-- EXERCISE MATERIAL --
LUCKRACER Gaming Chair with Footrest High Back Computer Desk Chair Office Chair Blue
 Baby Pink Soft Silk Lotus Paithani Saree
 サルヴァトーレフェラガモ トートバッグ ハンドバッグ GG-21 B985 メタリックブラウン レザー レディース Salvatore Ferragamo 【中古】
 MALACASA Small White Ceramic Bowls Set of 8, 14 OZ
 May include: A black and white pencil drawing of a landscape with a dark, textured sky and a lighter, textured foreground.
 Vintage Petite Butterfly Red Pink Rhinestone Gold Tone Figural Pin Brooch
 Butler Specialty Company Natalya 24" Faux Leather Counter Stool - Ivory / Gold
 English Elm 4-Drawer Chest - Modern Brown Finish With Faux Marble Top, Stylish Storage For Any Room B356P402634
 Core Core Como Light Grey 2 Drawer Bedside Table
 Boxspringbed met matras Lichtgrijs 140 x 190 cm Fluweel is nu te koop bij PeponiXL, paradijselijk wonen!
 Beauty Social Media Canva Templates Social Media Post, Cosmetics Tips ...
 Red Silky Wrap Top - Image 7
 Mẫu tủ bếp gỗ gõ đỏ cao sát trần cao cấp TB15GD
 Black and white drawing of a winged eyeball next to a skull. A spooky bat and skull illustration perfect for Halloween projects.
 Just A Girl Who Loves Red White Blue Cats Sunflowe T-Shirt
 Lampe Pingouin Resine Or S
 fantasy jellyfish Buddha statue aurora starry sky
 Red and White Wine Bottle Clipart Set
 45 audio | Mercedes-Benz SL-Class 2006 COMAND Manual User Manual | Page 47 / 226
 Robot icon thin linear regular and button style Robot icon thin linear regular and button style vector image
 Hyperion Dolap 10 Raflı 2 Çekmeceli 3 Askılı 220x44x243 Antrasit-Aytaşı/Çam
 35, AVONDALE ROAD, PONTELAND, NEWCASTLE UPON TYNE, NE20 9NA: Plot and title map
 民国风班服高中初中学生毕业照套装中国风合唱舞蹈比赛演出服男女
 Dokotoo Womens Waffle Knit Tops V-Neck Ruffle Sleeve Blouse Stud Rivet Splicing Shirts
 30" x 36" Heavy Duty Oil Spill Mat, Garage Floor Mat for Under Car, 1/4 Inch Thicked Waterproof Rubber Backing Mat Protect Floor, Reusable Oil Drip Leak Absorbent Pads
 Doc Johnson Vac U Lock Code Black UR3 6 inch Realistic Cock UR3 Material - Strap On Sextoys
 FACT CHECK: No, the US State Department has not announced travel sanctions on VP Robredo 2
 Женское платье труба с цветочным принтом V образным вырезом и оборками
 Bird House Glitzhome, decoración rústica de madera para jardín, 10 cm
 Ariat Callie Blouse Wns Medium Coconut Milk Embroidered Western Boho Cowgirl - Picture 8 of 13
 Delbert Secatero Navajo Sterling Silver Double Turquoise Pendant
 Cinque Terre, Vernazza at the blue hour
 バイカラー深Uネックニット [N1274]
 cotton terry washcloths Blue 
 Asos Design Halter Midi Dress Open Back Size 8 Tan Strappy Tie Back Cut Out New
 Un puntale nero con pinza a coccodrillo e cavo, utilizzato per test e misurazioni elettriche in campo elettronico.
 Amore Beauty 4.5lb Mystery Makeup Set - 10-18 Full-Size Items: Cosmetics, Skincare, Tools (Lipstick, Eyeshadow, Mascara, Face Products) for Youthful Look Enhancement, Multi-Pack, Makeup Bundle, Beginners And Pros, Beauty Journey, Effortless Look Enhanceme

-- EXERCISE INSTRUCTIONS --
Going back to the entries above, set down exactly the lines that begin at the one with "サルヴァトーレフェラガモ トートバッグ ハンドバッグ" and end at the one with "Butler Specialty Company", both included, and nothing else.

-- SOLUTION TO THE EXERCISE --
 サルヴァトーレフェラガモ トートバッグ ハンドバッグ GG-21 B985 メタリックブラウン レザー レディース Salvatore Ferragamo 【中古】
 MALACASA Small White Ceramic Bowls Set of 8, 14 OZ
 May include: A black and white pencil drawing of a landscape with a dark, textured sky and a lighter, textured foreground.
 Vintage Petite Butterfly Red Pink Rhinestone Gold Tone Figural Pin Brooch
 Butler Specialty Company Natalya 24" Faux Leather Counter Stool - Ivory / Gold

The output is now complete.